[Aim of the task]: Retype the listing exactly, so that the copy matches it line for line.

##### Provided entries #####

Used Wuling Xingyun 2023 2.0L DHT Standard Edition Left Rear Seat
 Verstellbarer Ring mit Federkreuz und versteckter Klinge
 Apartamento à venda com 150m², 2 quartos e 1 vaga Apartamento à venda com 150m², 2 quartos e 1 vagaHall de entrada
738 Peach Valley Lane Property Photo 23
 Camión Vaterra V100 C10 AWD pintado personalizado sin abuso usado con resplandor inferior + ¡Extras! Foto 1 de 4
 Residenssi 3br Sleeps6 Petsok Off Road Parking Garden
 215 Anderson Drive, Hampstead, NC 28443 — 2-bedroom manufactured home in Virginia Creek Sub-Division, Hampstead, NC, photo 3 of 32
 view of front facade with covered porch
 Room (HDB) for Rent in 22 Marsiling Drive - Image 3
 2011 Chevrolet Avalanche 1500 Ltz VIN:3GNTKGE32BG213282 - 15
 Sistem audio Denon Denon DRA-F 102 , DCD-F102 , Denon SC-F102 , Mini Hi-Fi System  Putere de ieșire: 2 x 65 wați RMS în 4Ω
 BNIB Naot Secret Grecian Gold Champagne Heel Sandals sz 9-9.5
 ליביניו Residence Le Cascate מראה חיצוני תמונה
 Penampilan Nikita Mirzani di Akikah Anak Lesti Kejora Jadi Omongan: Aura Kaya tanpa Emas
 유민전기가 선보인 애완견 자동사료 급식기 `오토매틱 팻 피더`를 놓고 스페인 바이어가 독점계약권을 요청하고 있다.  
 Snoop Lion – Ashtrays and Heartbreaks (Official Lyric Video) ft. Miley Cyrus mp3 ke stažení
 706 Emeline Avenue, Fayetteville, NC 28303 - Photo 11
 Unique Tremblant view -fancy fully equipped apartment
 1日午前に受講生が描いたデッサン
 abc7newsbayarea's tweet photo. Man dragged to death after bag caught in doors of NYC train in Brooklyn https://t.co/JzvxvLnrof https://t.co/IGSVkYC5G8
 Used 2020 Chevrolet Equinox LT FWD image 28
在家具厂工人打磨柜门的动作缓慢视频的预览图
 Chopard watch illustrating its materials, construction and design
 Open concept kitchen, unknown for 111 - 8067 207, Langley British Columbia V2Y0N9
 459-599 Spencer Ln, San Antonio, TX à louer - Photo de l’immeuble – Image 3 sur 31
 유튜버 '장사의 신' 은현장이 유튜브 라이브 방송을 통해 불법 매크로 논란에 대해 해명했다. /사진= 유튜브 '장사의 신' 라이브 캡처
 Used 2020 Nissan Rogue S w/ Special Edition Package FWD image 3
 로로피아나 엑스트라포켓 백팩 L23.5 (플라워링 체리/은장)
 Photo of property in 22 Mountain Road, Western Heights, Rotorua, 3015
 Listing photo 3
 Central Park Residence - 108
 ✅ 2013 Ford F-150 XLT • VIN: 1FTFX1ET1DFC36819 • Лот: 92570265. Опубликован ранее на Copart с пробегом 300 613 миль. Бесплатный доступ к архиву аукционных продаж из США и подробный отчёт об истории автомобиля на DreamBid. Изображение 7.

#####

[Answer]:
Used Wuling Xingyun 2023 2.0L DHT Standard Edition Left Rear Seat
 Verstellbarer Ring mit Federkreuz und versteckter Klinge
 Apartamento à venda com 150m², 2 quartos e 1 vaga Apartamento à venda com 150m², 2 quartos e 1 vagaHall de entrada
738 Peach Valley Lane Property Photo 23
 Camión Vaterra V100 C10 AWD pintado personalizado sin abuso usado con resplandor inferior + ¡Extras! Foto 1 de 4
 Residenssi 3br Sleeps6 Petsok Off Road Parking Garden
 215 Anderson Drive, Hampstead, NC 28443 — 2-bedroom manufactured home in Virginia Creek Sub-Division, Hampstead, NC, photo 3 of 32
 view of front facade with covered porch
 Room (HDB) for Rent in 22 Marsiling Drive - Image 3
 2011 Chevrolet Avalanche 1500 Ltz VIN:3GNTKGE32BG213282 - 15
 Sistem audio Denon Denon DRA-F 102 , DCD-F102 , Denon SC-F102 , Mini Hi-Fi System  Putere de ieșire: 2 x 65 wați RMS în 4Ω
 BNIB Naot Secret Grecian Gold Champagne Heel Sandals sz 9-9.5
 ליביניו Residence Le Cascate מראה חיצוני תמונה
 Penampilan Nikita Mirzani di Akikah Anak Lesti Kejora Jadi Omongan: Aura Kaya tanpa Emas
 유민전기가 선보인 애완견 자동사료 급식기 `오토매틱 팻 피더`를 놓고 스페인 바이어가 독점계약권을 요청하고 있다.  
 Snoop Lion – Ashtrays and Heartbreaks (Official Lyric Video) ft. Miley Cyrus mp3 ke stažení
 706 Emeline Avenue, Fayetteville, NC 28303 - Photo 11
 Unique Tremblant view -fancy fully equipped apartment
 1日午前に受講生が描いたデッサン
 abc7newsbayarea's tweet photo. Man dragged to death after bag caught in doors of NYC train in Brooklyn https://t.co/JzvxvLnrof https://t.co/IGSVkYC5G8
 Used 2020 Chevrolet Equinox LT FWD image 28
在家具厂工人打磨柜门的动作缓慢视频的预览图
 Chopard watch illustrating its materials, construction and design
 Open concept kitchen, unknown for 111 - 8067 207, Langley British Columbia V2Y0N9
 459-599 Spencer Ln, San Antonio, TX à louer - Photo de l’immeuble – Image 3 sur 31
 유튜버 '장사의 신' 은현장이 유튜브 라이브 방송을 통해 불법 매크로 논란에 대해 해명했다. /사진= 유튜브 '장사의 신' 라이브 캡처
 Used 2020 Nissan Rogue S w/ Special Edition Package FWD image 3
 로로피아나 엑스트라포켓 백팩 L23.5 (플라워링 체리/은장)
 Photo of property in 22 Mountain Road, Western Heights, Rotorua, 3015
 Listing photo 3
 Central Park Residence - 108
 ✅ 2013 Ford F-150 XLT • VIN: 1FTFX1ET1DFC36819 • Лот: 92570265. Опубликован ранее на Copart с пробегом 300 613 миль. Бесплатный доступ к архиву аукционных продаж из США и подробный отчёт об истории автомобиля на DreamBid. Изображение 7.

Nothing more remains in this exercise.